Sofer; Oded; (Midreshet Ben Gurion, IL) ; Biller; Ofer Halm; (Neve Boker, IL)

Applicant:

Name	City	State	Country	Type
International Business Machines Corporation	Armonk	NY	US

Family ID:

1000004779846

Appl. No.:

16/852484

Filed:

April 19, 2020

Current U.S. Class:	1/1
Current CPC Class:	G06F 17/18 20130101; G06F 16/907 20190101; G06F 16/906 20190101
International Class:	G06F 16/906 20060101 G06F016/906; G06F 16/907 20060101 G06F016/907; G06F 17/18 20060101 G06F017/18

Claims

1. A method for classifying examined data in a computerized database, the method comprising: calculating statistics of the examined data; comparing the statistics of the examined data with known statistics of a first data category to provide a statistics score; and determining a probability that the category of the examined data matches the first data category based on the statistics score.

2. The method of claim 1, wherein the examined data is all of the same category, and wherein the examined data is all within the same column in the computerized database.

3. The method of claim 1, comprising determining that the examined data is of the first category if the score is higher than a threshold.

4. The method of claim 1, comprising: obtaining a true classification of the examined data; and if the true classification of the examined data equals the first data category, then adjusting the known statistics of the first data category based on the statistics of the examined data.

5. The method of claim 1, wherein the calculated statistics are selected from the list consisting of: average, median, variance, minimum, maximum, standard deviation and correlation.

6. The method of claim 1, comprising: comparing categories of neighboring data of the examined data with expected categories of neighboring data of the first data category to provide a neighbors score; and determining a probability that the category of the examined data matches the first data category based on the statistics score and the neighbors score.

7. The method of claim 1, comprising: calculating the rate of matches of the examined data to each rule of a plurality of rules, and comparing the resulting rates with known rates of matches of the first data category for each rule of the plurality of rules, to provide a set of rule match scores; and determining a probability that the category of the examined data matches the first data category based on the statistics score and the rule match scores.

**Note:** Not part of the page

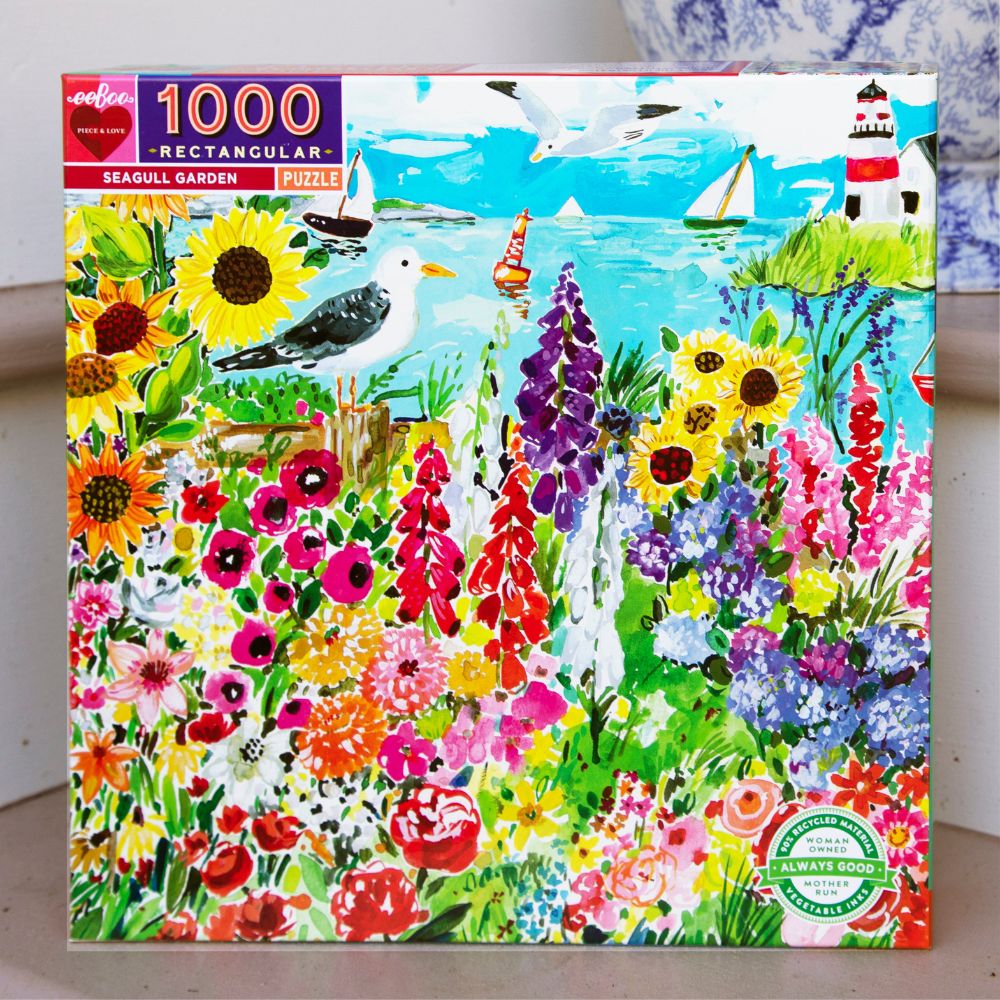 eeBoo 1000 Piece Rectangular Jigsaw Puzzle - Seagull Garden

8. The method of claim 1, comprising: comparing metadata associated with the examined data with known metadata associated with the of the first data category to provide a metadata score; and determining a probability that the category of the examined data matches the first data category based on the statistics score and the metadata score.

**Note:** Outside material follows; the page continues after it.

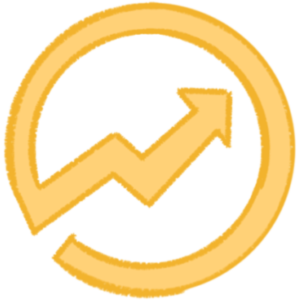  A large yellow circle that sharply turns inward into a jagged, upward-pointing arrow.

9. The method of claim 1, comprising: comparing values of the examined data with the values in a dictionary associated with the first data category to provide a dictionary score; and determining a probability that the category of the examined data matches the first data category based on the statistics score and the dictionary score.

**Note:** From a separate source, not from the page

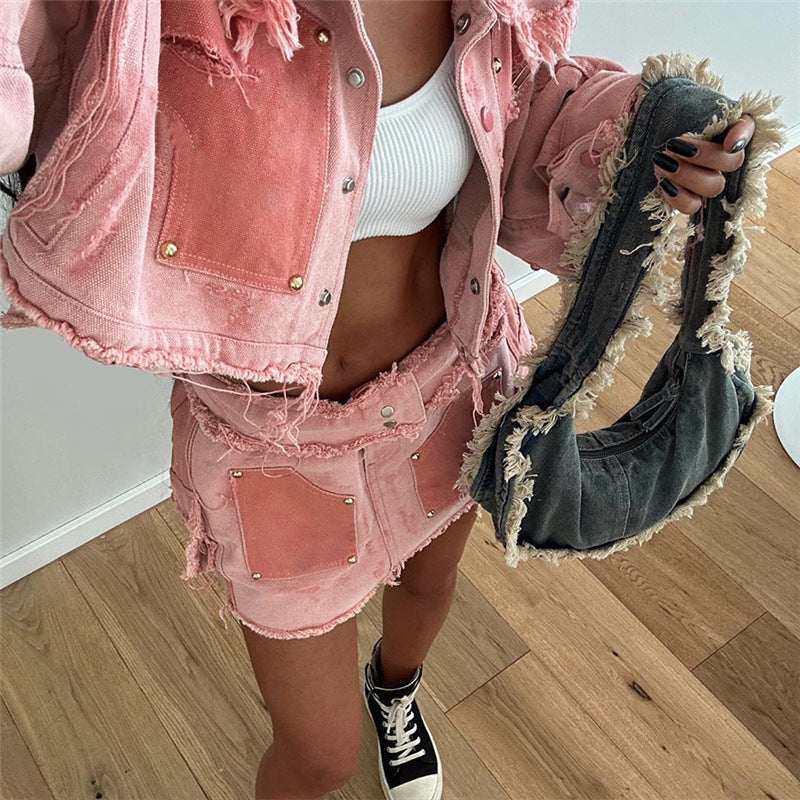 Women's Fashion Leisure Cargo Contrast Color Lapels Slim Denim Jacket -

10. The method of claim 1, comprising: using a trained classifier to classify the examined data, wherein the classifier is trained to detect at least the first data category; and determining a probability that the category of the examined data matches the first data category based on the statistics score and the classification provided by the classifier.

11. The method of claim 1, comprising: obtaining a sample data of the first data category; calculating the known statistics of a first data category by calculating statistics of the sample data.

12. A method for detecting potentially sensitive data, the method comprising: for a sample of data: obtaining classification of data in columns in a database to not sensitive data and to categories of sensitive data; for a category of sensitive data: calculating probability of matches of the sensitive data for each rule of a plurality of rules; calculating statistics of the sensitive data; storing metadata associated with the sensitive data; and storing categories of neighbor fields of the sensitive data; for examined data: calculating probability of matches of the examined data for each rule of the plurality of rules and comparing with the probability of matches of the sensitive data for each rule of the plurality of rules to provide rule match scores; calculating statistics of the examined data and comparing with the statistics of the sensitive data to provide statistics score; comparing metadata associated with the examined data with metadata associated with the sensitive data to provide metadata score; comparing categories of neighbor fields of the examined data with categories of neighbor fields of the sensitive data to provide neighbors score; and rating the potential of the examined data to be sensitive data based on the rule match scores, statistics score, metadata score and neighbors score.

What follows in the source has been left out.